On apprend ainsi que l’entreprise de l’attaquant camerounais a jeté son dévolu sur Orange Cameroun, l’entreprise pour laquelle il a été longtemps ambassadeur. C’est donc le crédit de l’entreprise française qu’Eto’o Telecom va revendre dans un premier temps. Pour l’instant, aucune précision sur la revente du crédit des deux autres opérateurs. Encore moins sur la quote-part à gagner dans la revente du crédit. Cette quote-part sera-t-elle suffisante pour faire tourner une entreprise dont l’ambition se place au-delà des frontières ? C’est la question de fond.
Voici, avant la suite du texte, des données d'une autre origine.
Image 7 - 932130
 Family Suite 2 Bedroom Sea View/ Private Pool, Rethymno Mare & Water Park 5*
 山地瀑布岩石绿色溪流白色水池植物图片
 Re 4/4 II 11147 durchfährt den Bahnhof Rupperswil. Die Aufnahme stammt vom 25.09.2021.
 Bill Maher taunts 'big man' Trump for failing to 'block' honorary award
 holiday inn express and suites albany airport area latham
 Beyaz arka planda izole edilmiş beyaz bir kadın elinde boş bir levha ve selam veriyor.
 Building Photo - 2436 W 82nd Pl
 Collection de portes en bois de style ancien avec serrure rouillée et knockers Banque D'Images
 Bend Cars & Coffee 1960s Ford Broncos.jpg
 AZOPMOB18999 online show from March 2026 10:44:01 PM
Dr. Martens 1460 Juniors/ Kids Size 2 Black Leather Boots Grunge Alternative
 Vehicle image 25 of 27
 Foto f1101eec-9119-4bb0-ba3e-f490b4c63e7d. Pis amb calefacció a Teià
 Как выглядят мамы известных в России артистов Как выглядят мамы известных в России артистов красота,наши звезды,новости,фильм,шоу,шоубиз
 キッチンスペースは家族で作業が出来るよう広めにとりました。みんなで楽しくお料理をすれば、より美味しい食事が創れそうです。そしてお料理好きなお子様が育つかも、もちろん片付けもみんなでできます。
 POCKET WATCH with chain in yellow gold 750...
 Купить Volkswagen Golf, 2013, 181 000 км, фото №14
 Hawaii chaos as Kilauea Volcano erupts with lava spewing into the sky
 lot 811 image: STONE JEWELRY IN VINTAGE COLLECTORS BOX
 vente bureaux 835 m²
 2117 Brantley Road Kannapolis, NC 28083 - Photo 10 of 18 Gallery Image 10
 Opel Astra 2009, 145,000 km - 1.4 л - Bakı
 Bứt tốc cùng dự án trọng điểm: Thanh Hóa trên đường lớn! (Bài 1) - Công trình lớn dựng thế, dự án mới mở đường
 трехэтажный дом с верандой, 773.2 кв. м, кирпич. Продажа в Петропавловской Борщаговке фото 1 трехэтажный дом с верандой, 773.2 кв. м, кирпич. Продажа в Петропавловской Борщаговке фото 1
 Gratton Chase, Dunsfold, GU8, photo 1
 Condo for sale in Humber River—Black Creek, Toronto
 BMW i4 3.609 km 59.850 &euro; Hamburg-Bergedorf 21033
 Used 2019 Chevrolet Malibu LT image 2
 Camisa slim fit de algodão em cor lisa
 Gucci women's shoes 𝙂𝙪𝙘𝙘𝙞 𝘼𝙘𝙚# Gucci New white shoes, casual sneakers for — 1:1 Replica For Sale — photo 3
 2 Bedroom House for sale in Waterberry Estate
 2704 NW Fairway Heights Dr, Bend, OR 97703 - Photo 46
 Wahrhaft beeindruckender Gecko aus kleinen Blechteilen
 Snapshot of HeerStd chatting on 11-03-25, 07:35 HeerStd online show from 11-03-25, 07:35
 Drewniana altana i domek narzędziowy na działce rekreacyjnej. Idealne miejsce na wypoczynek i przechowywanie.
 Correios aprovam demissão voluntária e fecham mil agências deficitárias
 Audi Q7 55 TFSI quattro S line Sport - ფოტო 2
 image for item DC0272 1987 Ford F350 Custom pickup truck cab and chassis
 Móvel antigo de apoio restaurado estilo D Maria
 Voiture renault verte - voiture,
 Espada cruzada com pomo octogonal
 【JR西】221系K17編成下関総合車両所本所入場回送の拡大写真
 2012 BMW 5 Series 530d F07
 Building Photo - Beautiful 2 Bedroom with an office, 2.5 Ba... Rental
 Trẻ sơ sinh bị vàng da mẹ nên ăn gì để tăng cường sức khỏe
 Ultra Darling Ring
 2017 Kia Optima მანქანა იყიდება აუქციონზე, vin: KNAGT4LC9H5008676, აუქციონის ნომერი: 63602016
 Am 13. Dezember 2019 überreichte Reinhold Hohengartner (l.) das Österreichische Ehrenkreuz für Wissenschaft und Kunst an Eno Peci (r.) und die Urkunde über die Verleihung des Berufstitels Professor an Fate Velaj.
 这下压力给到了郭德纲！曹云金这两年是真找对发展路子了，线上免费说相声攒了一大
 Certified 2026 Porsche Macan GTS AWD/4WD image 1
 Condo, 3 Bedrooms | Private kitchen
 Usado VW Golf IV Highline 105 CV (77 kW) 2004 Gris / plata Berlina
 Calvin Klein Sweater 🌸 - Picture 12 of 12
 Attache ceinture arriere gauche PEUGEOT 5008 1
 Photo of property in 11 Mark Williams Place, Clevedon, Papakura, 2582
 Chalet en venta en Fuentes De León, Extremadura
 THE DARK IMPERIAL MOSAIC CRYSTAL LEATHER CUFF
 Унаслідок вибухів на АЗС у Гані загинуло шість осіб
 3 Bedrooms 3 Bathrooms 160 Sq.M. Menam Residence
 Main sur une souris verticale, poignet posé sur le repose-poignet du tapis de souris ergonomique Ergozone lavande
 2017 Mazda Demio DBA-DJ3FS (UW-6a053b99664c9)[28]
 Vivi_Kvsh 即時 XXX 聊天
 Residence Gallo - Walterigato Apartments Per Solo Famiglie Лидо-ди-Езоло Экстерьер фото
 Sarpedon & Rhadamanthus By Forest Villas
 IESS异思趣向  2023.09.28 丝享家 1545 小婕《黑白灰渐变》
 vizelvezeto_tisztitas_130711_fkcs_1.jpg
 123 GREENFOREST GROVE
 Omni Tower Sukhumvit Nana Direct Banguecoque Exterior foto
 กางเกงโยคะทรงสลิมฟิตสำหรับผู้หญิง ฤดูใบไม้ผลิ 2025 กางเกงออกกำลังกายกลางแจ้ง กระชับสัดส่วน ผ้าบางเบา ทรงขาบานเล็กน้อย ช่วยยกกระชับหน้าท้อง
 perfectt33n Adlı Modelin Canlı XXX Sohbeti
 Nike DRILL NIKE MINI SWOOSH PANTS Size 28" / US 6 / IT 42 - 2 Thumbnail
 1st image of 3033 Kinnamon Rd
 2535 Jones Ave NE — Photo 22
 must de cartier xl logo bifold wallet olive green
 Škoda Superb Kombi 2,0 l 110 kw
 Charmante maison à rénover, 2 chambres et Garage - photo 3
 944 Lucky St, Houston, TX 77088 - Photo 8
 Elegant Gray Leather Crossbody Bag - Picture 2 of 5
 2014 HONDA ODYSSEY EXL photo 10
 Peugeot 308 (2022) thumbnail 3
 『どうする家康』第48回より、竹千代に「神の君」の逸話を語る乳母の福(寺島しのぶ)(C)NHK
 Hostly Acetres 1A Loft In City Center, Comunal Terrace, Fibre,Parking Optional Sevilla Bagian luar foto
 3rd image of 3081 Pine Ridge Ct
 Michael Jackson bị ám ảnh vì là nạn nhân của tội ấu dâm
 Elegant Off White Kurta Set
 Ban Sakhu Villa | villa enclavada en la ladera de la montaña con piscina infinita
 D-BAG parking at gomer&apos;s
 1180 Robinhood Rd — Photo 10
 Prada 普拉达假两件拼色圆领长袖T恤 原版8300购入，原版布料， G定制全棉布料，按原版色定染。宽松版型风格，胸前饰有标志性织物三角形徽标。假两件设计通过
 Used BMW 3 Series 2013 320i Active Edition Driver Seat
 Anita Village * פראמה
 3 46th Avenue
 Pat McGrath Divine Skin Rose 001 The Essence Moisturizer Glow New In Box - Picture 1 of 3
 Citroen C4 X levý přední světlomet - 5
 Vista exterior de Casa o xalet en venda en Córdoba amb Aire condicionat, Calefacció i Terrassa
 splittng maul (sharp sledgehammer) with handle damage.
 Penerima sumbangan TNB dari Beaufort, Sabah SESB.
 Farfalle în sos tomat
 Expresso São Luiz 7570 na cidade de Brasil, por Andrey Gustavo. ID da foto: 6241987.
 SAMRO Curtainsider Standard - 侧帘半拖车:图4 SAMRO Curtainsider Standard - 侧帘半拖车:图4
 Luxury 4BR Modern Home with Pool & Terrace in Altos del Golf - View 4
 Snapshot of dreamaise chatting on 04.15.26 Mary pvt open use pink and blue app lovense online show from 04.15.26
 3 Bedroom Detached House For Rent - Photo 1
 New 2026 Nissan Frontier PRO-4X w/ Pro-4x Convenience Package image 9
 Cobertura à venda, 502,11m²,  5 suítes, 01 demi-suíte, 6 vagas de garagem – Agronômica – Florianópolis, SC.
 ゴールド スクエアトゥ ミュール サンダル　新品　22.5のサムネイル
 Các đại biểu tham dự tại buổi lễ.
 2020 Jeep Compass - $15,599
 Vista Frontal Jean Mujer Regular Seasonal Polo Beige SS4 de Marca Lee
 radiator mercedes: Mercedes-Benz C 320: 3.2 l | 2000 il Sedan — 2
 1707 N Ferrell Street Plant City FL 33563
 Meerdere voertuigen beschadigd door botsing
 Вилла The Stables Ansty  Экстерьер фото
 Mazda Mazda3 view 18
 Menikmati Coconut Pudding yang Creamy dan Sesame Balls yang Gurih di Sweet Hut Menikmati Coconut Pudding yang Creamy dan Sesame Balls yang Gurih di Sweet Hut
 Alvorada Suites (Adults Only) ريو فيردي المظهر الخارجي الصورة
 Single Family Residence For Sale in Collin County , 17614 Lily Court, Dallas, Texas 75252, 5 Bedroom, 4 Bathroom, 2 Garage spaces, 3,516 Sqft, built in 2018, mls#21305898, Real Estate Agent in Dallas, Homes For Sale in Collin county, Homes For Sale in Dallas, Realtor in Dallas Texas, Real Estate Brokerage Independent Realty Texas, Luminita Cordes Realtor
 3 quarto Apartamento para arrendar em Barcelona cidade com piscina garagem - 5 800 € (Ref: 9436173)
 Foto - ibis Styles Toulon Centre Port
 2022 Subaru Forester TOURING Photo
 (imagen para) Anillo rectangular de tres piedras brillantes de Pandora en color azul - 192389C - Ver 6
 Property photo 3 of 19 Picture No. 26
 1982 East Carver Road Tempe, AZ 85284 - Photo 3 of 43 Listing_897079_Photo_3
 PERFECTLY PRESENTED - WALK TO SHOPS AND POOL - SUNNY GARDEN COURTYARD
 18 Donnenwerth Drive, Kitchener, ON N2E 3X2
La sortie de l’Art vient ainsi apporter une contradiction de taille aux propos servis par le top management d’Eto’o Telecom. Au cours de la conférence de presse de présentation de la marque Set Mobile, le 22 décembre 2011, l’administrateur directeur général (Adg) de la société n’est pas allé du dos de la cuiller. Sur la question de savoir si Eto’o Telecom fera dans le mobile, le Français, qui a d’ailleurs travaillé pour le groupe France Telecom au Togo, s’est voulu direct. « On sera opérateur de téléphonie mobile au même titre qu’Orange et MTN », a réagi Charles Gueret. « Au Cameroun, plusieurs personnes ont encore les puces des deux opérateurs. Cela veut dire qu’elles ne sont pas totalement satisfaites. Donc, notre entreprise va miser sur la qualité, et se distinguera par des tarifs avantageux et une gamme de terminaux accessibles à tous », a-t-il ajouté. Autant de déclarations qui ont sans doute amené plusieurs Camerounais à acheter la puce Set Mobile. En effet, on parle d’un peu plus de 50.000 unités dont les propriétaires n’attendent que leur activation prévue le 21 janvier 2011. Donc, la semaine prochaine. Avec l’assaut lancé par l’Art, l’engouement restera-t-il le même ? C’est la seconde grande inconnue.